During contract talks, Wabtec repeatedly threatened to cut 275 jobs from the Erie plant if UE went on strike over the right to renew “right to strike” over grievances fully. Undeterred by the threat, the UE decided to strike anyhow. 

“While the union is working hard to bring new work into the plant and new jobs to Erie through our Green Locomotive Project, the company is refusing to work with us on this project, and is instead holding the community of Erie hostage with the threat of moving work,” said UE Local 506 President Scott Slawson. “We will not give in to their blackmail.” 

Donations for the strike fund can be made here.

A key reason why workers are striking is to regain the right to strike mid-contract over the “right-to-strike” over grievances.

While most union contracts in the US only allow workers to strike when a contract expires, the contract at GE in Erie allowed the union to “strike over grievances.” If the company failed to follow the contract, rather than fight it out in arbitration and courts for years, the UE could walk out mid-contract, giving the union at the plant tremendous leverage that most unions lack. 

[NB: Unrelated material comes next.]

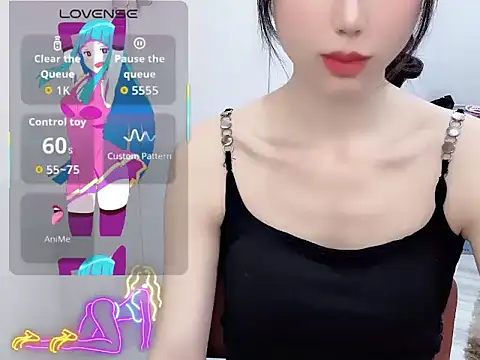 -Alicee- online show from June 22, 2026, 8:22 am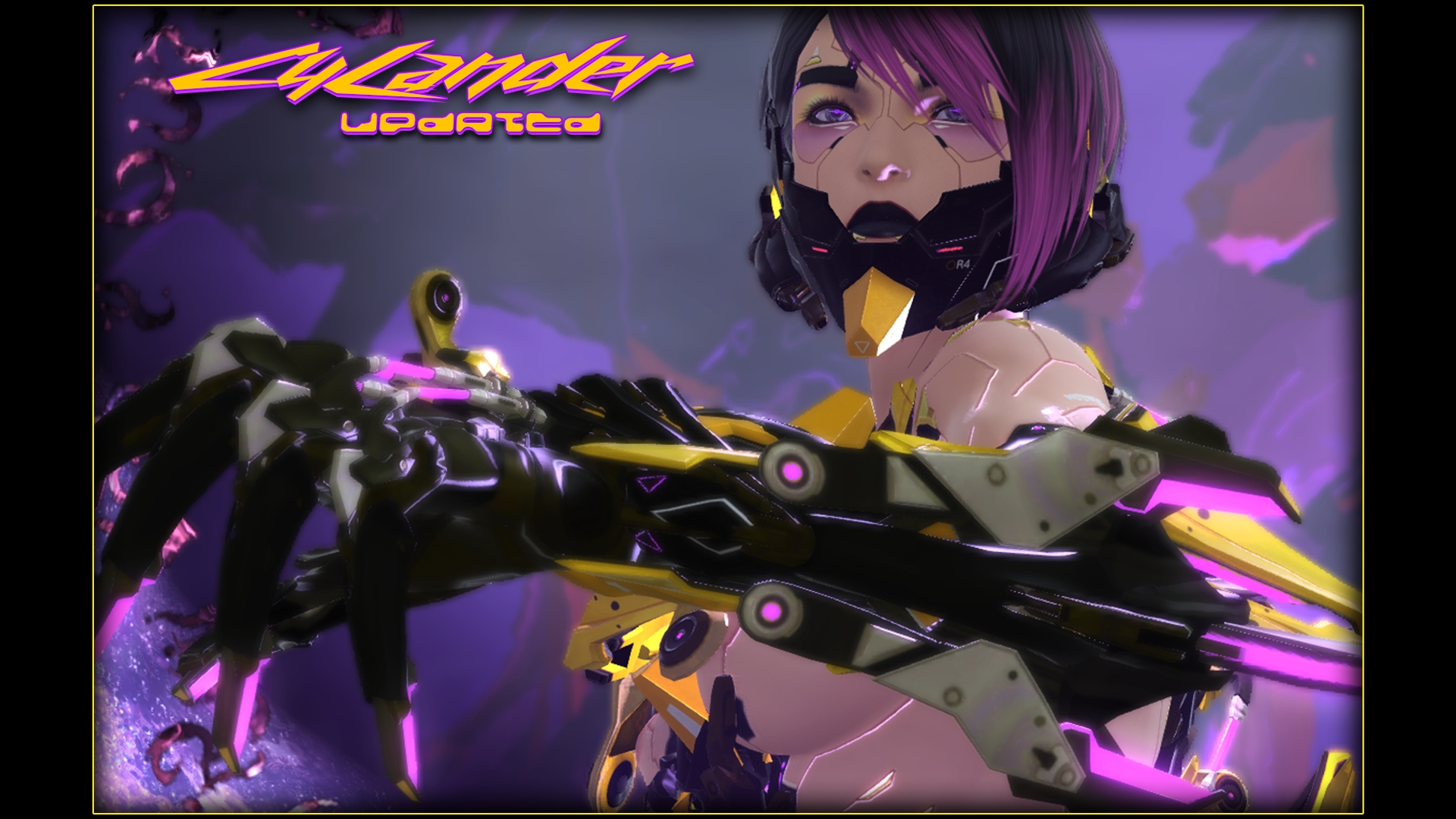Mod Preview Image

When Wabtec took over in 2019, they severely rolled back the right to “strike over grievances.” 

“So most unions in Wabtec do not have the right to strike at all; we have the right to strike over very specific topics like sub-contracting, temporary or transfer of work, timeliness of a grievance response,” says Miles. “But we do not have the right to strike over grievances again.” 

Many unions across the country increasingly face this problem, according to a new School of Labor and Employment Relations report at the University of Illinois-Champaign entitled “Labor’s Peace Paradox; The Impact of the Right to Strike over Grievance Procedures”. The report found that since 2019 that grievances are now more than twice as likely to be rejected by employers and taken to arbitration.

“Since 2019, the new precedent of frequent grievance denials runs the risk of encouraging cynical attitudes among the workforce toward the dispute resolution process,” wrote the report’s authors. “if it is viewed or used as a management tool more suited to stonewalling labor disputes than to solving them, the grievance process risks becoming a contributor to dysfunctional labor relations.” 

It’s a process that union members say is designed to force workers to lose faith in their union when they can’t enforce the terms of the contract. 

“When you go to step two of a grievance process, you talk to an HR manager, you get a response. You go to step three of the grievance process. It’s the same HR. It’s the same response,” says Miles. “They want you to take it to arbitration. The company doesn’t care about the grievance process. They don’t care about settling grievances, and that’s the frustration”. 

Donate to Help Us Cover this Crucial Strike over “Right-to-Strike” over Grievances

About the Author

Mike Elk
Mike Elk is an Emmy-nominated labor reporter and alumni of the Guardian. In addition to filing nearly 2,000 stories from 46 states, Elk traveled with Lula from Sáo Bernando do Campos all the way to the Oval Office in the White House. Credited by the Washington Post for being the first reporter to track the strike wave systematically, Elk started Payday Report using his NLRB settlement from being illegally fired for union organizing in 2015. He lives in his hometown of Pittsburgh and works frequently in Rio de Janeiro, where he attended college at PUC-Rio. He speaks both Portuguese and Pittsburghese fluently. His email is [email protected]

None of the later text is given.